Una música de pocos instrumentos se propagó a la velocidad del sonido por el lobby del hotel. Aquellos a cuyos oídos la música entró fueron tomados como rehenes por las ganas de bailar. El perpetrador fue el primero en pararse súbitamente, impulsando la silla hacia atrás y hacia el piso con su brusco movimiento, y balancear su cuerpo por mitades: sus caderas de derecha a izquierda; su torso (y con él sus brazos y cabeza) en direcciones opuestas; las piernas sacudiéndose en forma desorganizada, sin control efectivo de la mente racional. La recepcionista bailó sola también, bolígrafo en mano; ella prefería menear la cabeza y estirar y doblar el cuello como si quisiera partirlo sin ayuda de instrumentos. El movimiento de sus puños cerrados describía una multitud de círculos, óvalos y líneas curvas sin final. La columna vertebral se le curvaba y extendía rítmicamente. A los ejecutivos, la música hipnótica les despertó algo oculto en ellos, algo tal vez reprimido o enterrado. Los tres al mismo tiempo se pusieron de pie, y formaron espontáneamente una circunferencia junto al perpetrador, con las barrigas vueltas al centro y, a pesar de la tirantez de sus extremidades, comenzaron a contonearse en maneras asombrosamente similares. En cuanto a la familia que había estado almorzando, el hechizo les hizo volcar el vino de una copa sobre el mantel amarronado, y voltear dos sillas y un puñado de monedas de oro. Todos estos objetos chasquearon en el roble del piso. La camarera fue tomada por una mano, y hecha girar sobre su eje. La familia en su conjunto exhibió gran algarabía, como si estuviese acostumbrada a manifestar una pasión por la vida y por la forma en que la vivían en los más superficiales movimientos de sus cuerpos.

Y la música estaba tan alta, que de ninguna manera restringió su presencia al lobby. Las personas que pasaban por la calle, junto a la puerta del hotel, eran enlazadas por la melodía sin letra; su andar se veía detenido en seco, y sentían una irresistible necesidad de bailar. En una situación similar se vieron de improviso quienes al momento del estallido se hallaban en el primer piso, arriba del lobby. Las paredes del corredor y de algunas de las habitaciones fueron testigos de danzas de aficionados poseídos, frenéticos unos, en estado de trance otros. Un mero hilo de sonidos era suficiente para incitar a la gente, aunque cuanto más débil la música, más débil el deseo.

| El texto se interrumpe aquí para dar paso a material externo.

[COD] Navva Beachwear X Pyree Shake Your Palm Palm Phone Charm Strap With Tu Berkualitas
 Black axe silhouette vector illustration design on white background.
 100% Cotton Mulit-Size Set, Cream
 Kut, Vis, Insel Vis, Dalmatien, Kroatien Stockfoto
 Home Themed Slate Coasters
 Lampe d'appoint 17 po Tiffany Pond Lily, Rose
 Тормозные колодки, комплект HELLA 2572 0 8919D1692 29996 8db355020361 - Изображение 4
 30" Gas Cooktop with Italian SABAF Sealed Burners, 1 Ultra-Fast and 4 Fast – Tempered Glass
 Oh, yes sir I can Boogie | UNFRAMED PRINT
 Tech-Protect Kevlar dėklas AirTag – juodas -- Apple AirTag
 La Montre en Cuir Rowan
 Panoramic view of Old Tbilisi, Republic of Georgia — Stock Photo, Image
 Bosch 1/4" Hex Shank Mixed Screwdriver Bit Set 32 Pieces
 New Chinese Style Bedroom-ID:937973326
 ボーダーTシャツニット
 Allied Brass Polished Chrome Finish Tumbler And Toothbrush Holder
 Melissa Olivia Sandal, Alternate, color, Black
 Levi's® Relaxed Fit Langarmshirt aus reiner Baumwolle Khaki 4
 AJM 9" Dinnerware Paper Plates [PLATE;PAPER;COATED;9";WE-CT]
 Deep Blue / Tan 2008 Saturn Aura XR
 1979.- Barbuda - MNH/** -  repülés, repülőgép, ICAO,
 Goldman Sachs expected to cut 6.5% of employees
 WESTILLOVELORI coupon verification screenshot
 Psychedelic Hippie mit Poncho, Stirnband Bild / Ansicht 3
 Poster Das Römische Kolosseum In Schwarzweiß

No fue para nada en vano lo que el perpetrador hizo, menos aun trayendo a consideración que los transeúntes que no habían sido alcanzados por la música quedarían atónitos al ver a un grupo de gente bailando a las puertas del Hotel «Océano» y que, motivados por la curiosidad, acabarían entrando al lobby para convertirse ellos mismos en víctimas. Quedaría expuesto a la música también cualquiera que decidiese bajar al lobby desde los pisos superiores. Y lo mismo ocurriría con los policías si eran llamados a poner represivo orden, o con los enfermeros si se les pedía que se llevaran a los locos de allí, o con el cura de la iglesia si éste creía menester practicar un exorcismo en masa. Y bailando estarían todos hasta que la música cesase; después, si es que los involucrados recordaban lo que acababa de acontecer, un gran castigo le esperaría al perpetrador de parte de la ley y de la recepcionista engañada. De no haber sido registrado el suceso en la memoria de la gente —y de no haber media docena de cámaras de vigilancia monitoreando el lobby—, el perpetrador podría quedar impune… Así que, cuando se callara la música, los afectados tendrían que enfrentar la estupefacción de los no afectados, y el perpetrador tendría que enfrentar su pena. De haber querido eludir a la justicia terrenal, inmolándose en serio, ofreciendo su alma a un Paraíso que quién sabe si existe, habría utilizado una bomba, pero claro, para eso las bombas no sirven.